NOTE: GKE at least, applies by default a limitrange to the default namespace for 100m CPU per container. You might want to delete (or alter) that to achieve higher simulator density.

Options

  • image.name (required): enforcer image path (e.i. server/org/imagename)
  • image.tag (required): enforcer image tag
  • simulatorImage.name (required): plan generation image path (e.i. server/org/imagename)
  • simulatorImage.tag (required): plan generation image tag
  • prefix: prepended to resource names, allowing for multiple deployments in the same namespace
  • pods: the number of pods to deploy
  • simulatorsPerPod: the number of simulators to run per pod
  • pusPerSimulator: the number of PUs per enforcer to simulate
  • puType: the type of PUs
  • puMeta: the external tags to add to PUs
  • flowsPerPU: the number of flows per PU to simulate
  • initDelay: the delay (in seconds) between bringing up consecutive simulators in a pod
  • restarts: max simulator restarts before deleting a pod
  • puLife: the PU lifecycle parameters (see the default values for details)
  • jitter: the jitter parameters (see the default values for details)
  • log.level: log level for simulated enforcer
  • log.format: log format for simulated enforcer
  • enforcerTagPrefix: prefix of the enforcer tag assigned to all enforcers
  • enforcerTag: tag to assign to all enforcers

NOTE: The total number of simulators will be pods * simulatorsPerPod. How to split the simulators into pods is up to you. Bear in mind that more pods make managing the test a bit easier (fewer k8s objects) and could prove a bit more efficient (pod overhead and limits on pods / node), but gives away some flexibility and robustness (e.g. is a simulator reaches the restarts limit, the whole pod goes down with it).
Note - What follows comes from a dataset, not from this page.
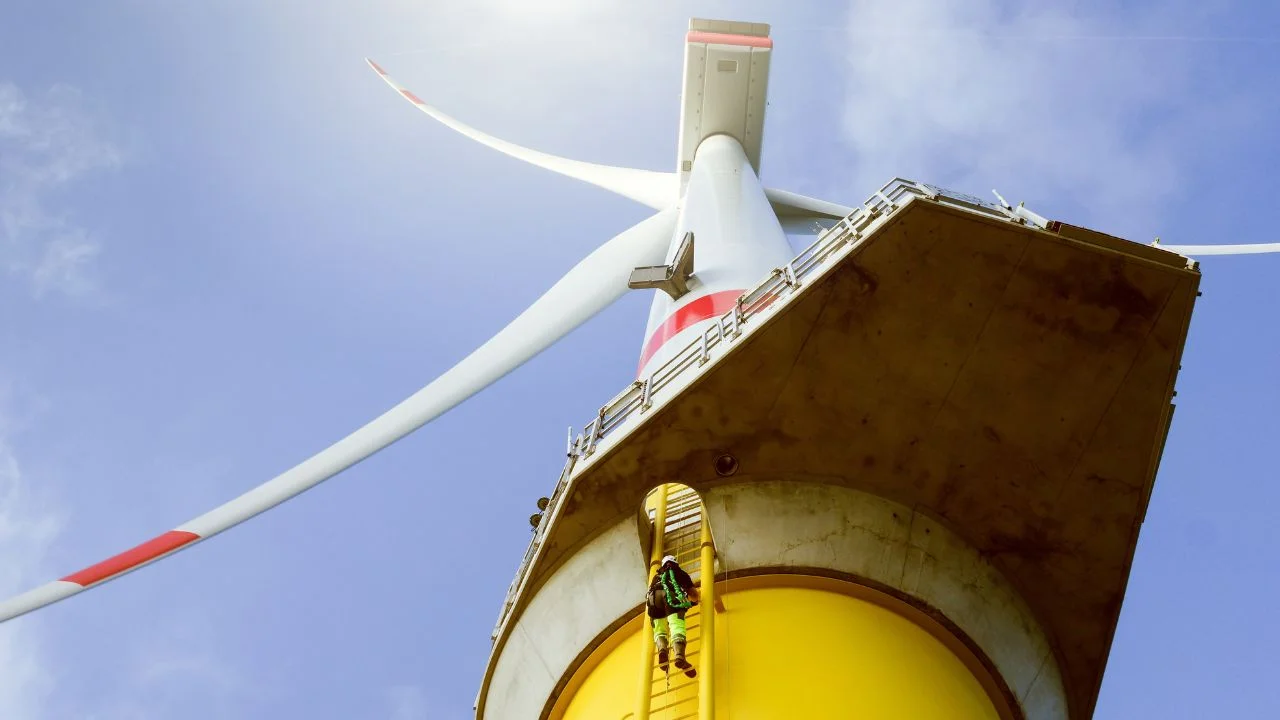 Why Flexible Workforce Solutions Are Central to APAC’s Offshore Wind Sector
A suggestion is:

  • simulatorsPerPod: 10 for bulk testing e.g. the first few thousand simulators in a large test.
  • As low as simulatorsPerPod: 2 or even simulatorsPerPod: 2 in the more unstable, later hases of a test (when simulator timeouts and thus restarts are more likely).

Generally, the limiting factor for simulator density is the simulator's memory consumption. Testing has shown that a single simulator container will use ~45-55 MiB at runtime. A single n1-standard-4 node should be able to handle up to 200 simulators (assuming that the node is not running anything else).

Simulator test harness

We have tested the simulator test harness with following configuration.

Kubernetes cluster configured with two node pools

  • default - reserved for system pods, nodes labeled as pod: system on e2-standard-8 images
  • workload - to be used for pods, nodes labeled as pod: workload on e2-standard-32 images

Simulator pods will be deployed with toplogy spread constraints on zone and node of maximum skew of 1. This will allow to have pods in a balanced load cluster.

In our experiments we observed each pod containing 10 simulators to consumbe ~450Mi of memory and ~100m of CPU cycles. This guidance allowed us pick node sizes & images based on test requirements.

Simulator plans

The plans for the simulators are generated at runtime by the plan-gen utility of the benchmark suite. This runs in an init container per pod, producing the plans for that pod's simulators. Refer to that for further details.